On the hour-long Gen , Patron and Patron produce a dense brand of jazzy electro-funk with Sakuran's bass and double-bass playing lending an appealing bottom end to the group's multi-tiered swirl. Following an ethereal sample-heavy intro (“We Are Not Alone”), the duo get down to business with “Finding Home Problem,” a subtly swinging exercise in electro-dub atmospherics and looped voices, and the funky “laptop jazz” of “Either Or” which suggests some degree of kinship between Patron and Patron and Burnt Friedman. The duo's music exists halfway between the club stage and the computer lab with propulsive rhythms rubbing shoulders with rich textural colouration throughout. Though “Magenta” works up some of the album's most aggressive viral snarl, the album's most impressive cut may be the titular provocation which merges saxophone playing and varied electronic textures with a slow-moving beat throb. The term “cinematic” is thrown about too often but it legitimately applies here as De Moortel and Raabenstein put a great deal of effort into constructing off-kilter, sci-fi films for the ears (exemplified most uncompromisingly by the congealing, eleven-minute closer “Black Verve”). Even so, beats and rhythm structures are the key ingredients in this context for, without them, the tracks, which are more atmospheric than melodic or emotive, would amount to little more than mildly-captivating soundscaping.

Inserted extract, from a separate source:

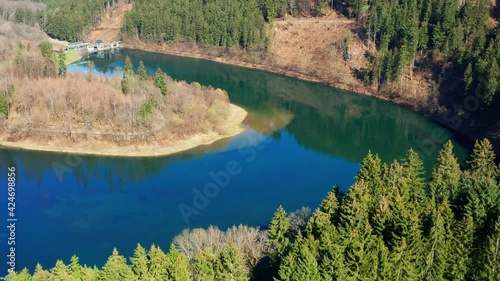 the ahauser dam in the sauerland in germany from above photo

Taub's Bedtime Stories is, not surprisingly, dreamscaping pushed to evocative extremes. A similarly intensive manipulation of material occurs in this context too, with Raabenstein and Nono recording material and then pulling it apart, reconfiguring it, and stitching it back together again with the outcome a fifty-minute travelogue where myriad sounds (strings, piano, guitars, accordion, electric piano, electronics) and broken melodies slip-slide in and out of focus. Ghostly piano melodies haunt “Wild Blue Yonder” and ululating voices, when not sliced into stuttering patter, wail and shudder through “Invalid Bed” while “Backyard Maud the Fraudian Fairy” sounds as disturbed as a stalker sequence in a slasher soundtrack. The bedtime story also must have extremely disturbing for it to have prompted the sickly lurch of “Rouge Absolu” where a mix of sampled film dialogue, drooping strings, and roasted guitar generate nightmarish ambiance. The ultra-woozy “La Ronde at the Top” sounds equally diseased. The pieces that succeed best, however, are those bearing strongly defined structures that the listener can latch onto, one like “Sparkle,” for example, where a recurring string stab establishes a foothold that enables beat elements, clavinet, and electric guitars to leave fleeting traces of their presence. Material such as Bedtime Stories that—by design, presumably—meanders so much desperately needs some amount of ballast to keep the work from feeling like it's floundering.